There’s a fine line between funny and offensive comedy, but we tend to perceive the funny-to-offensive ratio of a joke based only on our own knee-jerk reactions. Race jokes that belie actual racism are offensive, period. Nuanced racial satire that makes you pause to think about the humor’s implications is funny, clever and powerful, even if it appears offensive at first glance. It will always seem distasteful to some, yet this kind of joke is well worth being told.

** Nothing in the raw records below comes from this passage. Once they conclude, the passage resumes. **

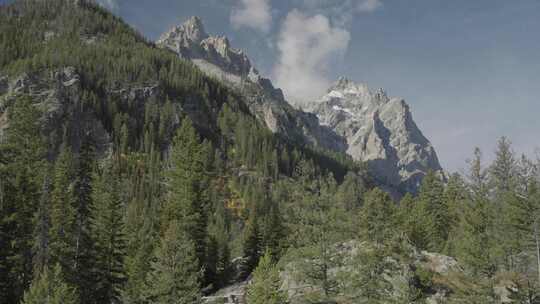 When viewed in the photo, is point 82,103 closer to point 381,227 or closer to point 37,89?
point 37,89

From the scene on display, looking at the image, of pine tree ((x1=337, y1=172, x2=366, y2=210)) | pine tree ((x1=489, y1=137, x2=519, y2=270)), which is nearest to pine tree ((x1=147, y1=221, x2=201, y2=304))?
pine tree ((x1=337, y1=172, x2=366, y2=210))

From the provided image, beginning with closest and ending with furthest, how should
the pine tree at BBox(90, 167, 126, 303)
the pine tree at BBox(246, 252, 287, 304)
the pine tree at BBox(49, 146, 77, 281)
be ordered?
the pine tree at BBox(246, 252, 287, 304)
the pine tree at BBox(49, 146, 77, 281)
the pine tree at BBox(90, 167, 126, 303)

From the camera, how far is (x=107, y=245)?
34531mm

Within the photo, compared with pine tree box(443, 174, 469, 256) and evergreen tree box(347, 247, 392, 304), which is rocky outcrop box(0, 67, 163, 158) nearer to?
pine tree box(443, 174, 469, 256)

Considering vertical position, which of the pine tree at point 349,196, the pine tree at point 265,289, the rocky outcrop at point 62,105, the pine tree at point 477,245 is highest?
the rocky outcrop at point 62,105

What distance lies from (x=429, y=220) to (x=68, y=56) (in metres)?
168

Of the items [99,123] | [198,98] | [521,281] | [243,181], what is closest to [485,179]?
[521,281]

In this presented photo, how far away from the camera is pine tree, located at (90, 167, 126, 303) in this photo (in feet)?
111

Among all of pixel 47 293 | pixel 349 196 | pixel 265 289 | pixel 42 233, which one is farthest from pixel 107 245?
pixel 349 196

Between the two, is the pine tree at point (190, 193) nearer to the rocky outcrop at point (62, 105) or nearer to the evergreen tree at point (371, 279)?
the evergreen tree at point (371, 279)

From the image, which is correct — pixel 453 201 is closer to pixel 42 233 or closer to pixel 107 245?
pixel 107 245

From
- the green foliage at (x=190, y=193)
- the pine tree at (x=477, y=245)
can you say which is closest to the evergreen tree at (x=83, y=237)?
the green foliage at (x=190, y=193)

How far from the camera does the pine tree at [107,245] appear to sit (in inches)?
1334

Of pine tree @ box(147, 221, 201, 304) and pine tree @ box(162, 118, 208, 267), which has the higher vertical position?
pine tree @ box(162, 118, 208, 267) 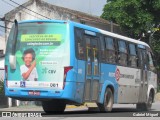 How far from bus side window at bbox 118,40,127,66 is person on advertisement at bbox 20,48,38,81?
14.2 ft

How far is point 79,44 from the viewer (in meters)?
15.5

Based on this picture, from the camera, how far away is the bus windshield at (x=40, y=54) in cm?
1505

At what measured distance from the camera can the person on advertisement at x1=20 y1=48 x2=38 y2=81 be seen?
15294 millimetres

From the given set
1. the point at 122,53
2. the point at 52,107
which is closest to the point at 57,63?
the point at 52,107

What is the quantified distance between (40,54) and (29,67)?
567 mm

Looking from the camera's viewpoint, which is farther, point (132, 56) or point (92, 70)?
point (132, 56)

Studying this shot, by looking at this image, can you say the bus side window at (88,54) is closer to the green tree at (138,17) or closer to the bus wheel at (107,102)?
the bus wheel at (107,102)

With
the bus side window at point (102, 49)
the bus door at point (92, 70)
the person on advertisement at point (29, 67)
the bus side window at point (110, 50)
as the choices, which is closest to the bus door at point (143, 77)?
the bus side window at point (110, 50)

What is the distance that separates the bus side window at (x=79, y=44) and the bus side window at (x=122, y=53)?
302cm

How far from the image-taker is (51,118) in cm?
1448

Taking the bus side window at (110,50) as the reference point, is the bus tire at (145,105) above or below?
below

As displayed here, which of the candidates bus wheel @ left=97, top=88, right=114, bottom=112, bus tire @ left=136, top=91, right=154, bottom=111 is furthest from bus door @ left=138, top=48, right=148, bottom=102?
bus wheel @ left=97, top=88, right=114, bottom=112

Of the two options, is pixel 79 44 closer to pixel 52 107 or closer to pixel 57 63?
pixel 57 63

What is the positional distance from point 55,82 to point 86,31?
2285mm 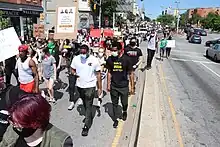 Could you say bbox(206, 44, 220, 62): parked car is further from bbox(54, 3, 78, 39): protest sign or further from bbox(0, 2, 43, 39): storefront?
bbox(54, 3, 78, 39): protest sign

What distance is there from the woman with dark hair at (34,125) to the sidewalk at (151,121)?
11.5 feet

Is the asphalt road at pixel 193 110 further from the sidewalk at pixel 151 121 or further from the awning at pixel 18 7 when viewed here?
the awning at pixel 18 7

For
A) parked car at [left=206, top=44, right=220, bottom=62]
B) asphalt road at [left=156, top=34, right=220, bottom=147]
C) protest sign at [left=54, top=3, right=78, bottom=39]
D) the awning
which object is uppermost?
the awning

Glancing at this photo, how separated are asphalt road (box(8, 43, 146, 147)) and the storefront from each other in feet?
51.4

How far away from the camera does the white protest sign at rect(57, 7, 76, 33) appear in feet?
30.4

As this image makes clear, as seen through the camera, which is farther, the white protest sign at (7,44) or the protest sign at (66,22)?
the protest sign at (66,22)

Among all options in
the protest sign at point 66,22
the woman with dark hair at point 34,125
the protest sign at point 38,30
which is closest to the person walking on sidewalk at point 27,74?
→ the protest sign at point 66,22

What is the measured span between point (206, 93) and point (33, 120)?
9.77m

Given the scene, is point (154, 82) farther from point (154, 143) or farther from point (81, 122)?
point (154, 143)

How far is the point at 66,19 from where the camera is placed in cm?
938

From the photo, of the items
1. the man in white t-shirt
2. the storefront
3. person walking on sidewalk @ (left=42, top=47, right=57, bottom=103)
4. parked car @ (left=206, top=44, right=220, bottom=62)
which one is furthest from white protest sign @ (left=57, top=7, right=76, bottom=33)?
parked car @ (left=206, top=44, right=220, bottom=62)

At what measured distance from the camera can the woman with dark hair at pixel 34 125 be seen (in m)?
2.04

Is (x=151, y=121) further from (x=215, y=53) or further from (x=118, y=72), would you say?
(x=215, y=53)

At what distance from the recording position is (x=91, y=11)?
172ft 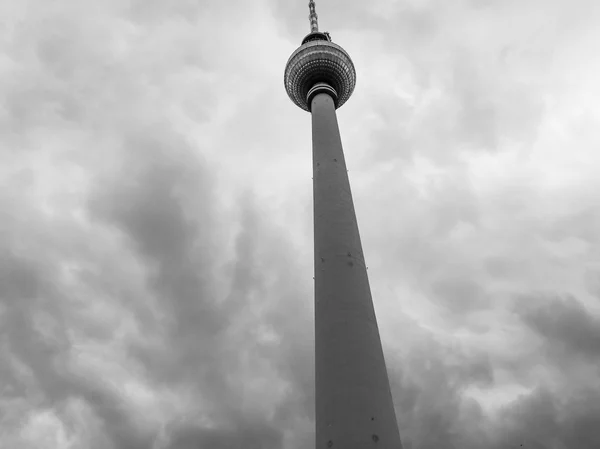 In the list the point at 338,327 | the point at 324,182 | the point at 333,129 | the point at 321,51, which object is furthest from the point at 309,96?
the point at 338,327

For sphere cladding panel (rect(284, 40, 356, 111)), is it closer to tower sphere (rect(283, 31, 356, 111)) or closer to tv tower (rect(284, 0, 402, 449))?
tower sphere (rect(283, 31, 356, 111))

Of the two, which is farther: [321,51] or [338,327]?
[321,51]

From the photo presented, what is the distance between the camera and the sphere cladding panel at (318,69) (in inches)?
2258

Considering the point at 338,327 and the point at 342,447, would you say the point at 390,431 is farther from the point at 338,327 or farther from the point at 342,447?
the point at 338,327

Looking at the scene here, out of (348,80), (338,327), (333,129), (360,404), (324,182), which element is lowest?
(360,404)

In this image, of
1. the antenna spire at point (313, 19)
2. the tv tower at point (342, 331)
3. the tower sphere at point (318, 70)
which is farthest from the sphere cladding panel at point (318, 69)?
the tv tower at point (342, 331)

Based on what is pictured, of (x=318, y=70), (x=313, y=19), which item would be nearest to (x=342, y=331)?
(x=318, y=70)

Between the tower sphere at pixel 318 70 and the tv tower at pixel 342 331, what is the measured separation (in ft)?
43.4

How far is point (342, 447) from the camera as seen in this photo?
23.4 m

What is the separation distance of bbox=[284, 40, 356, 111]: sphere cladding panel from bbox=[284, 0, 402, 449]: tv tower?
13327 mm

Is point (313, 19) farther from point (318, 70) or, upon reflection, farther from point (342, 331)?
point (342, 331)

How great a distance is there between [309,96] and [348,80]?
24.1 ft

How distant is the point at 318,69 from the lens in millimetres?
57188

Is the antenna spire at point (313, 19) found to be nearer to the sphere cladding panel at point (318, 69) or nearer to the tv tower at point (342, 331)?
the sphere cladding panel at point (318, 69) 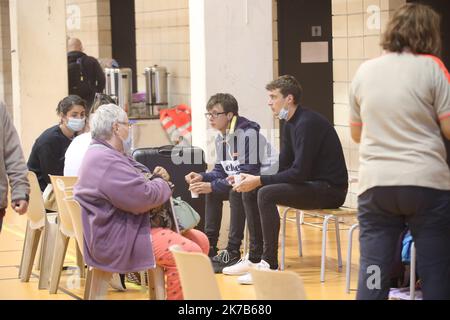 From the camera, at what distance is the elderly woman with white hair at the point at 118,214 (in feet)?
17.3

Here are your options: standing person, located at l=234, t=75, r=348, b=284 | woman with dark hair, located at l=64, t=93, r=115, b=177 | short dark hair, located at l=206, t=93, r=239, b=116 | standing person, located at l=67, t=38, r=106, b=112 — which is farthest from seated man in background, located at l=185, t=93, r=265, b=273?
standing person, located at l=67, t=38, r=106, b=112

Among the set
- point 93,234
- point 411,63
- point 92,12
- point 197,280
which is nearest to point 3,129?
point 93,234

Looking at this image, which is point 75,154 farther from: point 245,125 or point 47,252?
point 245,125

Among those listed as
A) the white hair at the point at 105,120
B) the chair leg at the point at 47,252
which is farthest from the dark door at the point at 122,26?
the white hair at the point at 105,120

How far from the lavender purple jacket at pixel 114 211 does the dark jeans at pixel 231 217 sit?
172cm

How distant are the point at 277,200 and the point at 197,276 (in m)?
2.96

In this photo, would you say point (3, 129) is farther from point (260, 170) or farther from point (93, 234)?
point (260, 170)

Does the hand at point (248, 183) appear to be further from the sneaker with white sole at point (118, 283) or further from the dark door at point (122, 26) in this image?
the dark door at point (122, 26)

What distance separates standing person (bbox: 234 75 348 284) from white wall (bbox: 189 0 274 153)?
104cm

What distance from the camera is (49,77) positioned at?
1016 cm

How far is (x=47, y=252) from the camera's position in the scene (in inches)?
270

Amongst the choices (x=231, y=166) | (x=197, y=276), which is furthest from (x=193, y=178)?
(x=197, y=276)

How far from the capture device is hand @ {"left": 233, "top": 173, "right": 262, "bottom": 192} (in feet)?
21.9

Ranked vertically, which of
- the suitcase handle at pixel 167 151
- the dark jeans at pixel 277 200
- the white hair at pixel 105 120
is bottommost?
the dark jeans at pixel 277 200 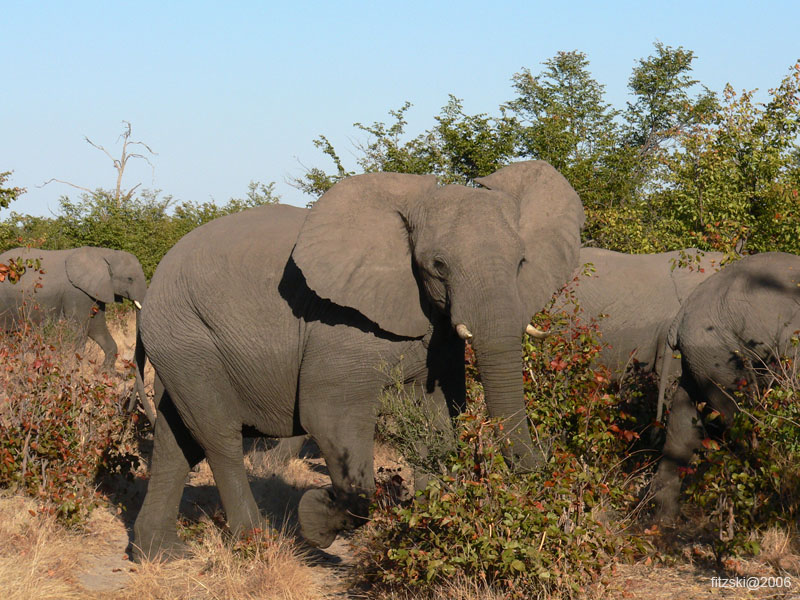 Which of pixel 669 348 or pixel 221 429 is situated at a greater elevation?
pixel 669 348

For instance, all comedians know that self-deprecation is funny. Making fun of your own community is essentially a large-scale form of self-deprecation, and so almost nobody is outraged by a black comedian endearingly poking fun at her own black family. It provides a refreshingly diverse voice to the entertainment landscape. Social etiquette still applies though: When somebody is being self-deprecating, you’re not supposed to chime in from the outside and join in on the fun. If you call yourself fat, no decent stranger would agree that you’re much too fat.

Popular icons like The Onion and “Saturday Night Live” also demonstrate how funny and incisive race-based humor can be. I think less political productions like “The Office” and “Arrested Development” contribute to society’s conversation about race too, in their own subtle ways. Many of the characters in both shows are blatantly racist (i.e., Michael Scott in “The Office” or Lucille Bluth in “Arrested Development”), but they’re idiots as well. Only the characters with serious flaws, the ones that the viewers aren’t designed to identify with, make racist jokes; that is, no young child watching “The Office” would be inspired to grow up to become as insensitive as Michael Scott.

In addition, there’s a whole treasure trove of comedians who capitalize on the humor found in the absurdity of racism and ignorance. From Dave Chappelle and James Davis to Aziz Ansari and Hari Kondabolu, race-related comedy has never been better. Their work stealthily tricks people into the conversation about difficult racial issues, reaching a large audience and sparking dialogue more effectively than any academic journal or class reading.

This new age of comedy is what I expected to find at Yale, and I’m a little surprised that it hasn’t reached us quite yet. Much more importantly, I’m disappointed that America at large has gotten stuck in a quagmire of identity politics, persisting bigotry and so-called “snowflake” culture (hey, us Yale students are apparently famous for it!). We should step into the future, not the racist past. We should subvert the norms, not complain about something vaguely “problematic.” We should cleverly laugh about it, not laugh it off.

So, no — I don’t plan on eating Handsome Dan anytime soon. I’m vegetarian, too.